■ **About this task**
All of the data goes into your copy exactly as written. Images do not.

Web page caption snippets
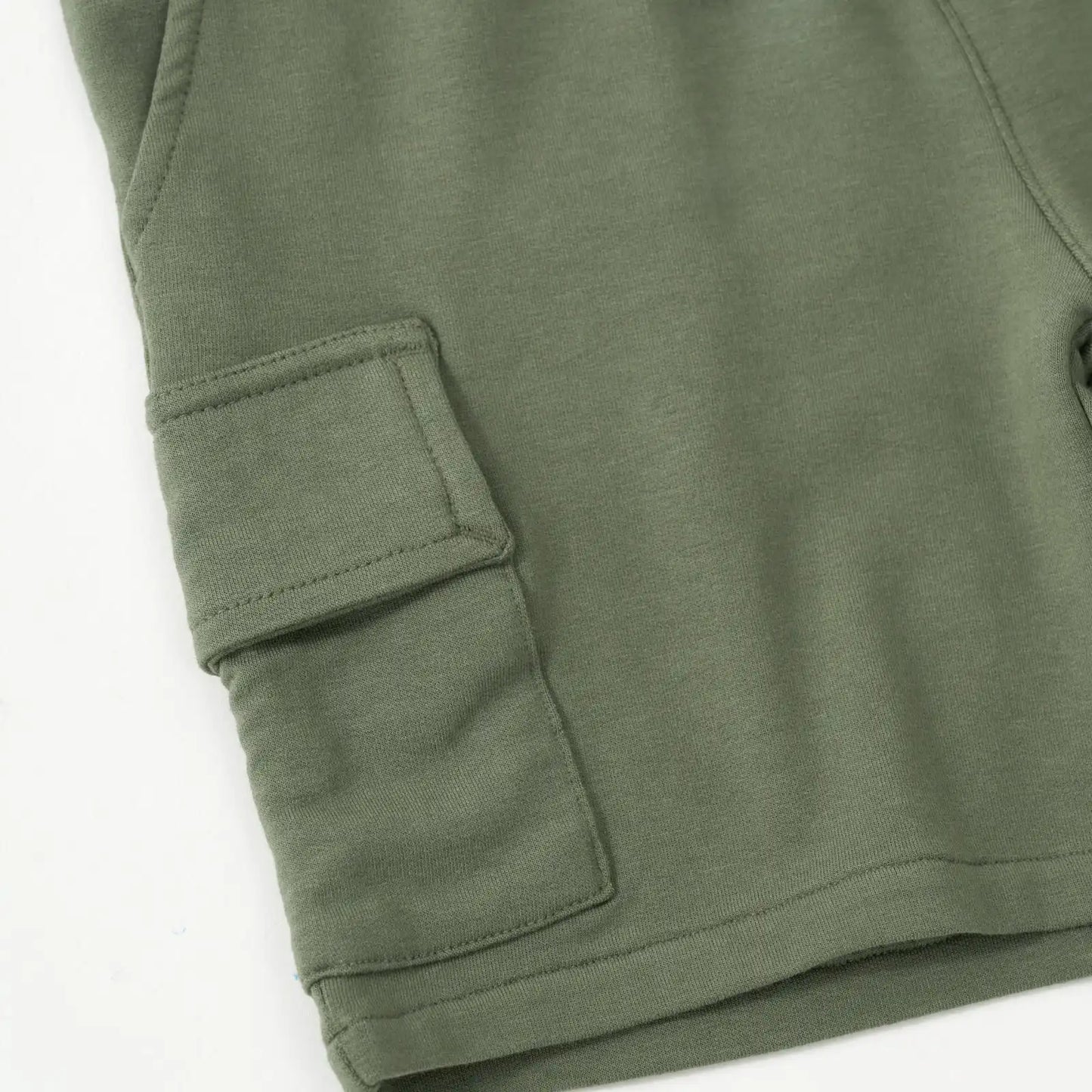 Olive Cargo Shorts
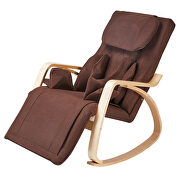 Brown cotton fabric cushion comfortable relax rocking chair main photo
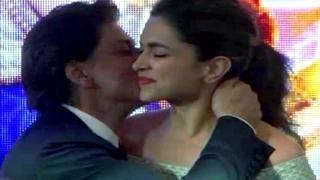 Watch Shahrukh Khan,Deepika Padukone KISS at SHARABI Happy New Year SONG LAUNCH Video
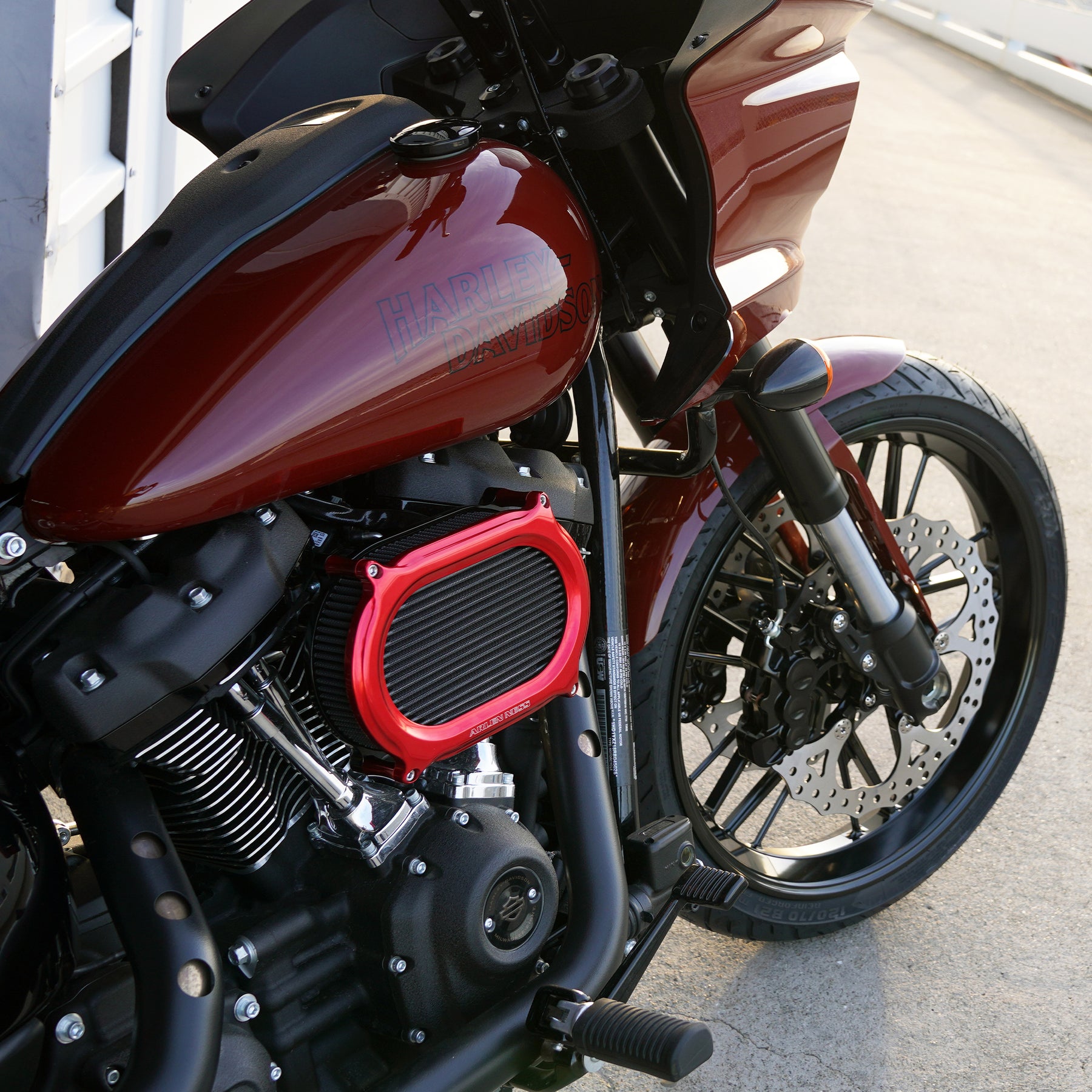 Stage 2 Oval Air Cleaner, Red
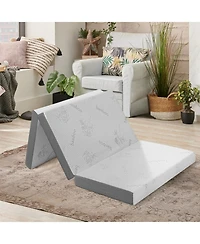 Gouun 4 Inch Tri-fold Cool Gel Memory Foam Mattress-Twin Xl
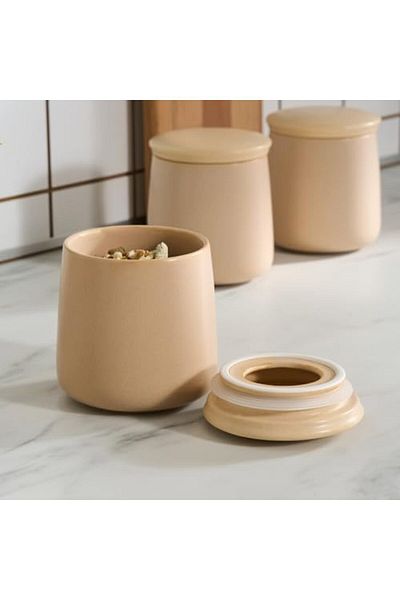 STOREMAX Lola 3-Piece Spice Set Beige Star Buy Bz 1087243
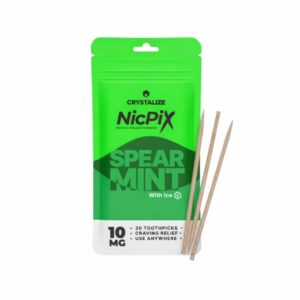 SPEARMINT NICPIX NICOTINE TOOTHPICKS BY CRYSTALIZE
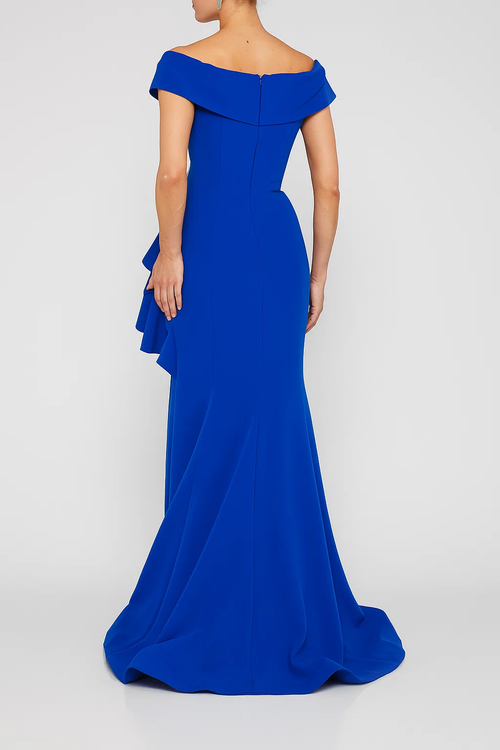 Terani Couture 1911m9339 Off-shoulder Floor-length Evening Gown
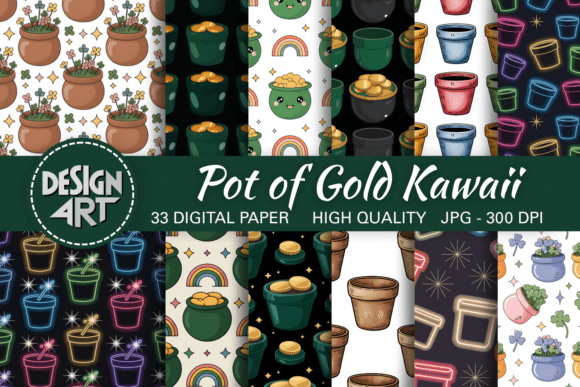 Add Cheerful Sparkle and Kawaii Charm to Your St. Patrick’s Day Projects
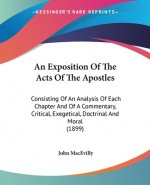 An Exposition Of The Acts Of The Apostles: Consisting Of An Analysis Of Each Chapter And Of A Commentary, Critical, Exegetical, Doctrinal And Moral (1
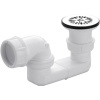 Bonde de douche polypropylène à grille Ø 50 mm siphon orientable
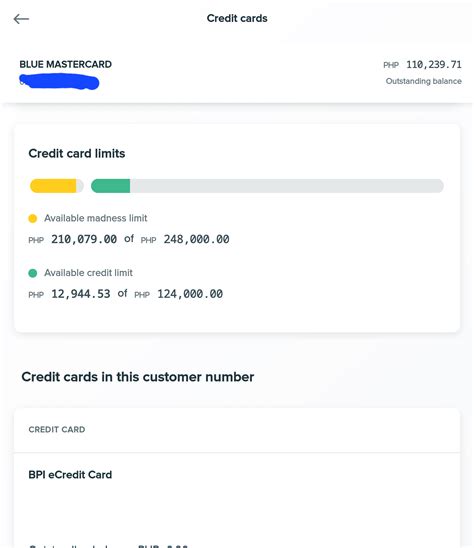 BPI Madness Limit 101 : r/PHCreditCards .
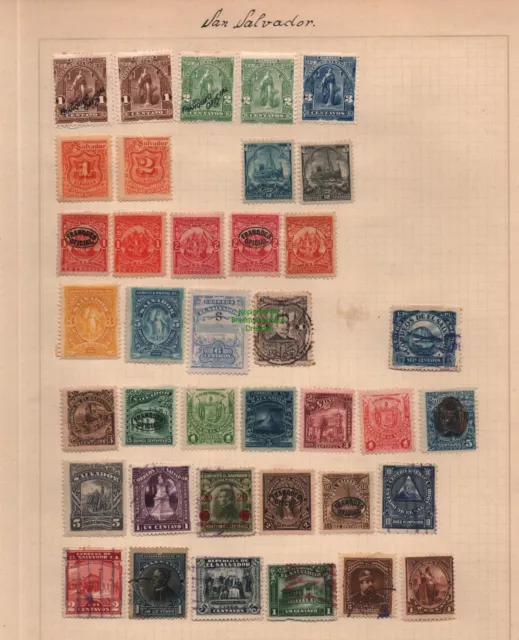 B12561 San Salvador alt ungebraucht / gestempelt auf Blankoseite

■ **Reply**
 Olive Cargo Shorts
 Brown cotton fabric cushion comfortable relax rocking chair main photo
 Watch Shahrukh Khan,Deepika Padukone KISS at SHARABI Happy New Year SONG LAUNCH Video
 Stage 2 Oval Air Cleaner, Red
 Gouun 4 Inch Tri-fold Cool Gel Memory Foam Mattress-Twin Xl
 STOREMAX Lola 3-Piece Spice Set Beige Star Buy Bz 1087243
 SPEARMINT NICPIX NICOTINE TOOTHPICKS BY CRYSTALIZE
 Terani Couture 1911m9339 Off-shoulder Floor-length Evening Gown
 Add Cheerful Sparkle and Kawaii Charm to Your St. Patrick’s Day Projects
 An Exposition Of The Acts Of The Apostles: Consisting Of An Analysis Of Each Chapter And Of A Commentary, Critical, Exegetical, Doctrinal And Moral (1
 Bonde de douche polypropylène à grille Ø 50 mm siphon orientable
 BPI Madness Limit 101 : r/PHCreditCards .
 B12561 San Salvador alt ungebraucht / gestempelt auf Blankoseite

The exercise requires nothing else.